Quando na subscrição de um depósito a prazo e em linguagem técnica bancária se assegura que o capital investido está garantido isso significa para e  declaratário comum (art. 236 do CCivil) que ele beneficia de uma garantia que não se sustenta na simples segurança que a solidez do sistema bancário forneceu ao longo de diversas décadas, mas sim numa certeza básica que é a de os valores dos depósitos nos bancos estarem “garantidos e seguros”,  dentro dos limites do Fundo de Garantia. Por esta razão não deslocamos o sentido a atribuir à garantia da previsão normativa em que a colocamos para a naturalística da saúde variável que o sistema financeiro possa ou não ter em determinado momento.

Em resumo, o banco réu através dos seus funcionários, não podia esquecer, em qualquer circunstância, que a informação de o capital estar garantido e ser semelhante a um depósito a prazo, correspondendo a uma exigência de técnica e conhecimento financeiro, não era a que pudesse resultar de uma observação da realidade e conclusão de prognose sobre a fiabilidade do sistema financeiro, mas sim a que decorria da consistência e segurança fundadas no ordenamento jurídico aplicável.
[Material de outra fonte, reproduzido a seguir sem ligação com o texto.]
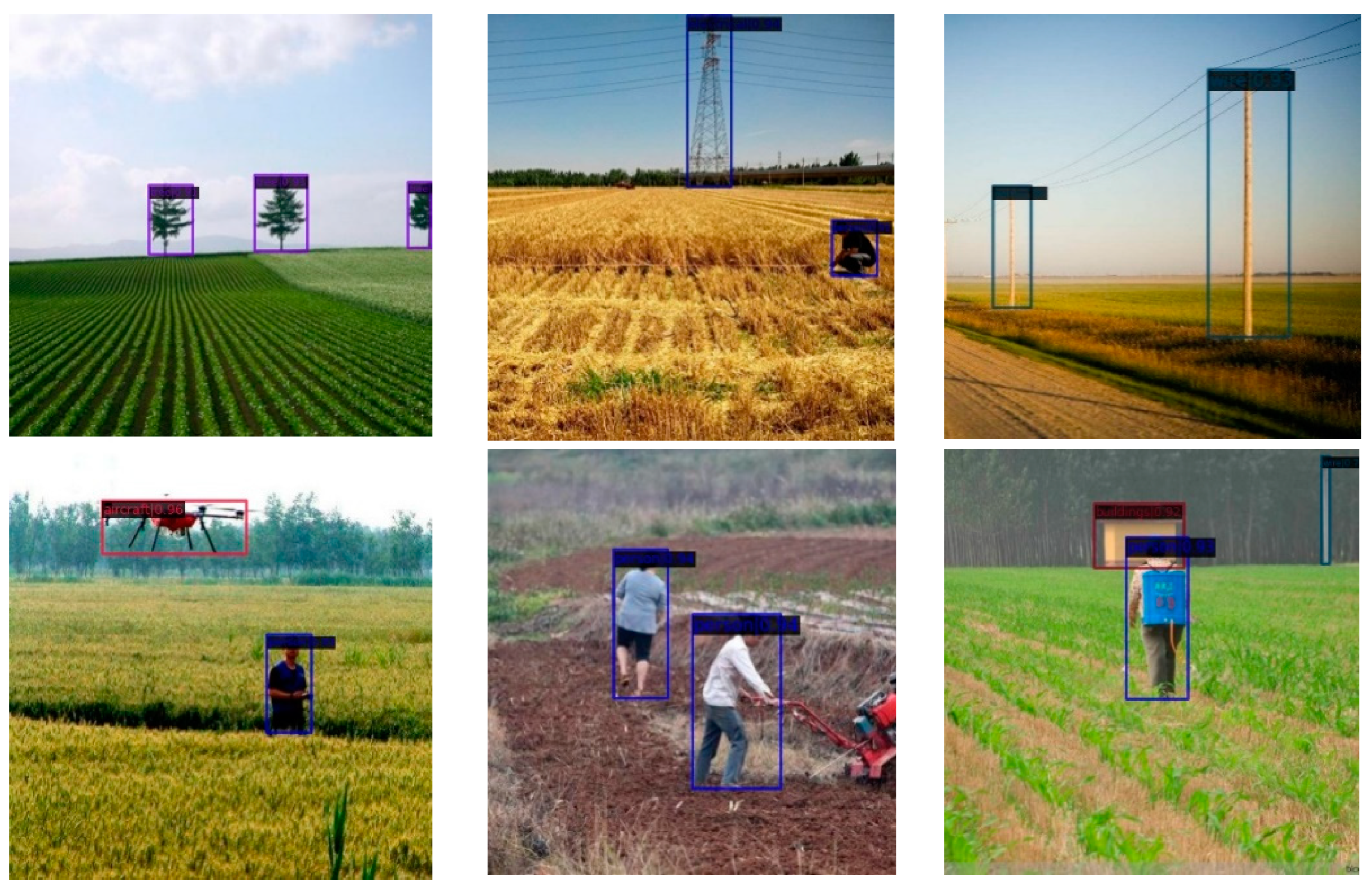 Agriculture 12 01983 g008 Agriculture 12 01983 g008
A garantia do capital contida na informação prestada, segundo a apreciação de um homem médio normal colocado na situação do concreto implicado e no contexto e natureza da operação realizada, dá indicação da segurança de que, em qualquer caso, o capital estaria sempre garantido. O autor era merecedora de esclarecimentos que estabelecessem a diferença entre um depósito a prazo e um empréstimo obrigacionista, seja quanto à identificação do devedor da obrigação de reembolso, seja quanto ao prazo de reembolso, seja ainda quanto à inexistência de qualquer garantia concedida pelo Fundo de Garantia de Depósitos e que naturalmente apenas abarcava os titulares de depósitos bancários e não outros investidores designadamente titulares de obrigações lançadas no âmbito de um empréstimo obrigacionista

Os acórdãos dos tribunais superiores e designadamente deste Supremo Tribunal de Justiça que se encontram acessíveis revelam a este respeito uma variedade de situações que se evidencia, desde logo, no vetor relacionado com o cumprimento dos deveres e com o nível de conhecimento dos clientes relativamente às características de produtos financeiros como as obrigações SLN.
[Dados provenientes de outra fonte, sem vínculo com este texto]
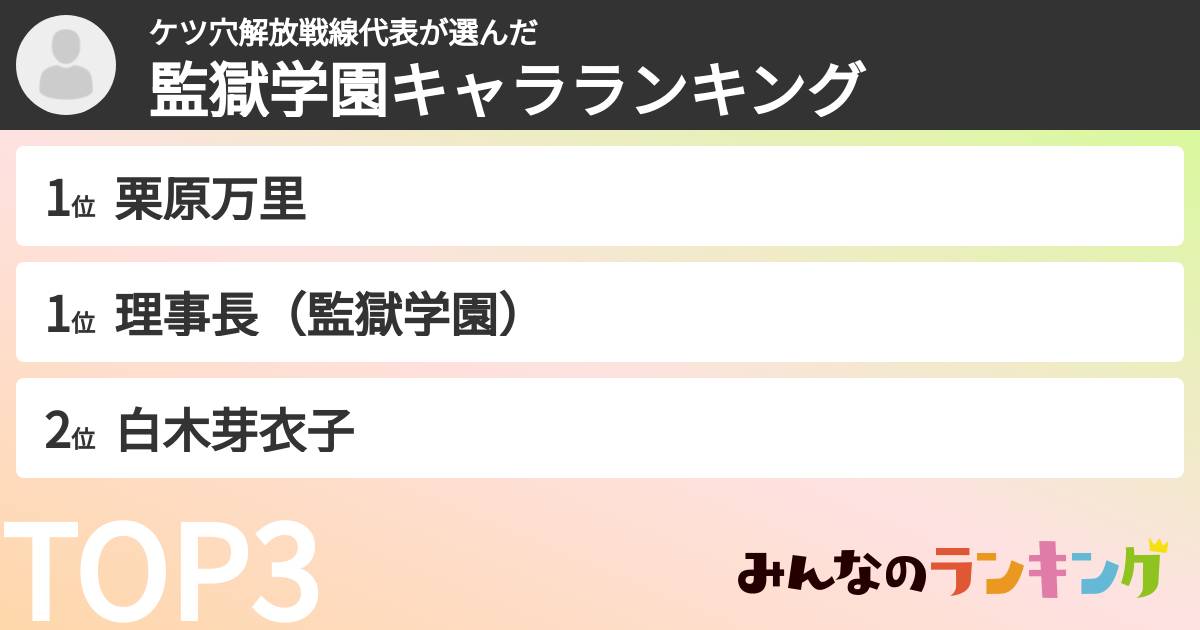 ケツ穴解放戦線代表さんの「監獄学園キャラランキング」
Existem casos em que este Tribunal tem considerado que não foi incumprido o dever de informação - v.g. o Ac. do STJ de 24-1-19, 2406/16, deste mesmo coletivo, o Ac. do STJ de 28-2-19, 2146/16, o Ac. do STJ de 15-1-19, 3831/15, o Ac. do STJ de 19-12-18, 2382/17 ou o Ac. de 19-12-18, 433/11, todos em www.dgsi.pt. A par destes casos, outros existem em que este mesmo Tribunal se confrontou com práticas agressivas, envolvendo clientes sem quaisquer conhecimentos e que foram motivados a subscrever “obrigações subordinadas” como se fossem verdadeiros depósitos bancários, numa quebra flagrante dos deveres de lealdade e de informação. Certos casos deixam visível uma estratégia delineada no sentido de retirar proveito da boa-fé, da credulidade, da ingenuidade ou mesmo da pura ignorância de pessoas que acabaram por subscrever produtos que nunca pretenderam, iludidos por uma falsa associação entre obrigações e depósitos a prazo, sem verdadeira perceção das consequências adversas que potencialmente estavam contidas nas operações.
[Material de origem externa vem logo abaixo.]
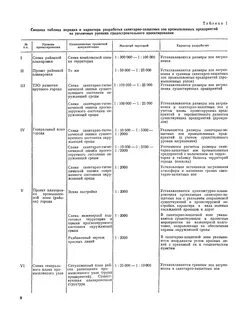 Размеры санитарно защитных зон промышленных предприятий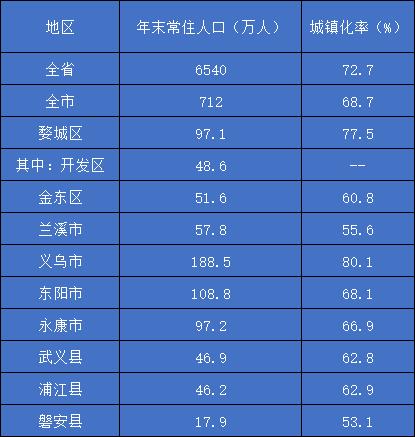 张川县人口数量图片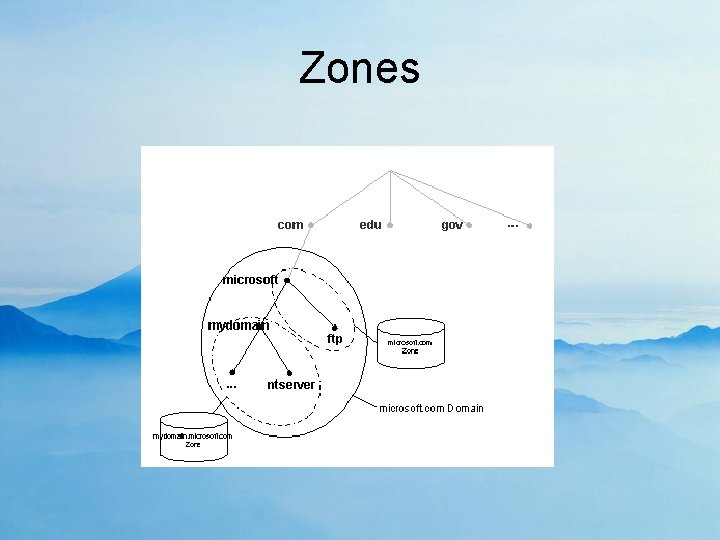 Zones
Assim ocorreu no Ac. do STJ de 10-4-18 no proc. 753/16, em www.dgsi.pt, em que foi assegurado ao investidor que “o retorno do investimento naquele produto financeiro era garantido como se fosse um produto do banco, o que foi razoavelmente entendido, como tão seguro e garantido como um depósito a prazo” e que “nos casos … em que o cliente é induzido a investir pelo Banco, que toma a iniciativa de o contactar, o que revela confiança … qualquer reticência de informação já é violadora do padrão de exigência informativa cometida ao intermediário financeiro”.  Outro caso semelhante ressalta do Ac. do STJ de 17-3-16 no proc. 70/13, www.dgsi.pt, em que, a respeito de “Obrigações CNE”, também do grupo SLN, se provou que, “aquando da subscrição da aplicação o A. foi informado que se tratava de produto com garantia de reembolso idêntica à do próprio Banco, uma vez que a empresa emitente – a CNE, S.A. – era do mesmo grupo empresarial em que o Banco se achava integrado”; “o A. alertou expressamente a gerente da agência, FF, que só investiria aquele dinheiro se o rendimento e a recuperação dos valores aplicados fossem 100% seguros”; “foi-lhe então assegurado por aquela gerente que a aplicação tinha uma rendibilidade anual garantida de 5,553% e que, sendo uma aplicação de uma empresa do grupo, estava assegurado o reembolso do capital e juros, não comportando qualquer risco”.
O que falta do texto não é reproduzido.